Книга Наставления бродячего философа. Полное собрание текстов, страница 181. Автор книги Григорий Сковорода

Разделитель для чтения книг в онлайн библиотеке

Онлайн книга «Наставления бродячего философа. Полное собрание текстов»

Cтраница 181

Трудно изгладить первые впечатления.

Сковорода продолжал преподавать синтаксис и эллинский язык общественно, а любимого своего молодого человека обучал особенно греческому языку и чтению древних книг, из которых любимейшие им были следующие писатели: Плутарх, Филон Иудеянин [347], Цицерон, Гораций, Лукиан [348], Климент Александрийский [349], Ориген [350], Нил [351], Дионисий Ареопагитский [352], Максим Исповедник [353], а из новых относительные к сим; глава же всем – Библия. Сила, содержание и конец учебного их упражнения было сердце, то есть основание блаженной жизни.

Предприняв перевоспитывать его и желая больше и больше дать ему впечатлений истины, писывал он к нему письма почти ежедневно, дабы, побудя его к ответствованию, хотя кратко, на оные, приучить его мыслить, рассуждать, изъясняться справедливо, точно, прилично.

Предрассудки, возбуждаемые различием мнений, не позволяли сомнениям в юноше искорениться. Странное происшествие истребило оные до основания, и сие так описано в поденных записках сего молодого человека:

«1763 года, будучи я занят размышлениями о правилах, внушаемых мне Сковородою, и находя в уме моем оные несогласными с образом мыслей прочиих, желал сердечно, чтоб кто-либо просветил меня в истине. В таком расположении находясь и поставя себя в возможную чистоту сердца, видел я следующий сон [354].
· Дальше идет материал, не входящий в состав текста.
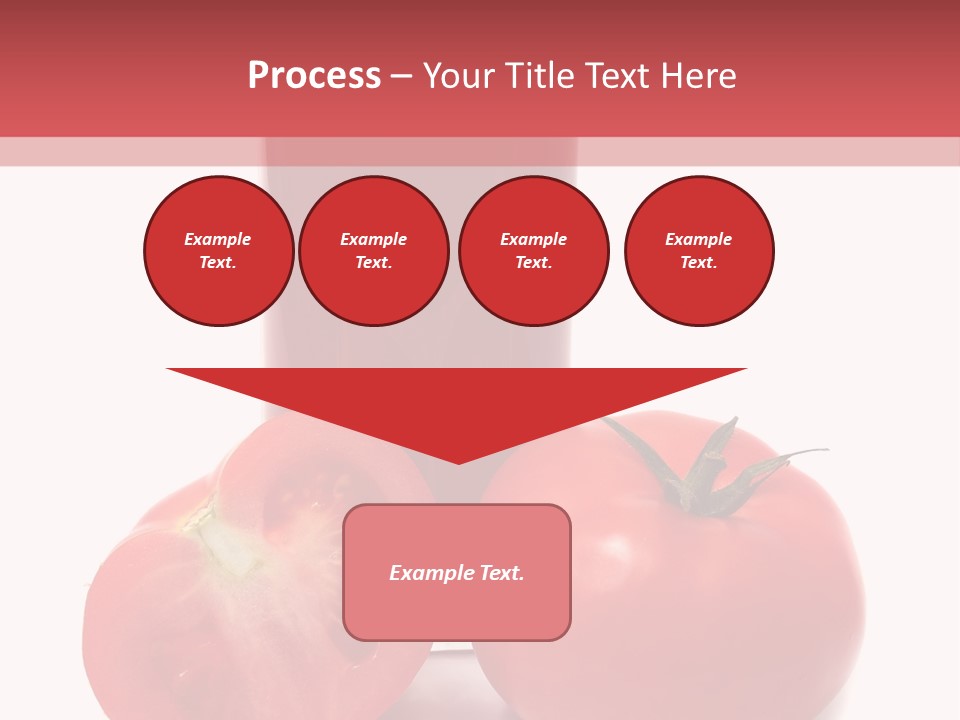 Fresh Nature Refreshment PowerPoint Template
Казалось, что на небе, от одного края до другого, по всему пространству оного, были написаны золотыми великими буквами слова. Все небо было голубого цвета, и золотые слова оные казались не столько снаружи блестящими, но больше внутри сияли прозрачно светом и не совокупно написаны по лицу небесного пространства, но складами, по слогам и содержали следующее и точно таким образом: па-мять – свя-тых – му-че-ник – А-на-ни-я – А-за-ри-я – Ми-са-и-ла. Из сих золотых слов сыпались огненные искры, подобно как в кузнице из раздуваемых сильно мехами угольев, и падали стремительно на Григория С. Сковороду. Он стоял на земле, подняв вверх прямо правую руку и левую ногу, в виде проповедующего Иоанна Крестителя, которого живописцы некоторые в изображениях представляют в таком расположении тела и каковым Сковорода тут же мне вообразился. Я стоял близ его, и некоторые искры из падающих на него, отскакивая, падали на меня и производили во мне некую легкость, развязанность, свободу, бодрость, охоту, веселость, ясность, согревание и неизъясняемое удовольствие духа. Я в исполнении сладчайшего чувствования проснулся.

Поутру, встав рано, пересказал я сие видение странное почтенному и добродетельному старику троицкому священнику Борису [355], у которого я имел квартиру. Старик, подумав, сказал мне с умилением: „Ах, молодой человек! Слушайтесь вы сего мужа: он послан вам от Бога быть ангелом-руководителем и наставником“» [356]. С того часа молодой сей человек предался вседушно дружбе Григория, и с сего времени я в продолжение писания сего буду называть его другом по превосходству.

Представившиеся в великолепном виде написанные на небесах имена трех отроков были тех самых, которых история изображена в том любимом Сковородою Дамаскиновом стихе, который певал он при всяком случае в молодости своей по некоему машинальному побуждению, как о сем упомянуто в начале сего. Ни Сковорода о любимом сем стихе, ни друг его о виденном им никогда друг другу не рассказывали и не знали. По прошествии тридцати одного года, за два месяца до кончины своей, Сковорода, будучи у друга сего в деревне и пересказывая ему всю жизнь свою, упомянул о том стихе Дамаскиновом, что он всегда почти имел в устах его и, сам не зная почему, любил его паче прочиих пений. Друг, сие услыша тогда и приведя на память виденное им во сне за тридесять один год назад, в молчании удивлялся гармонии чудесной, которая в различные лета, в разных местах то одному в уста, что другому после в воображение полагала, в возбуждение сердец их к выполнению и явлению разума и силы истории оной на самом деле, в жизни их. Впрочем, друг его никогда ему о сем виденном не говорил и после.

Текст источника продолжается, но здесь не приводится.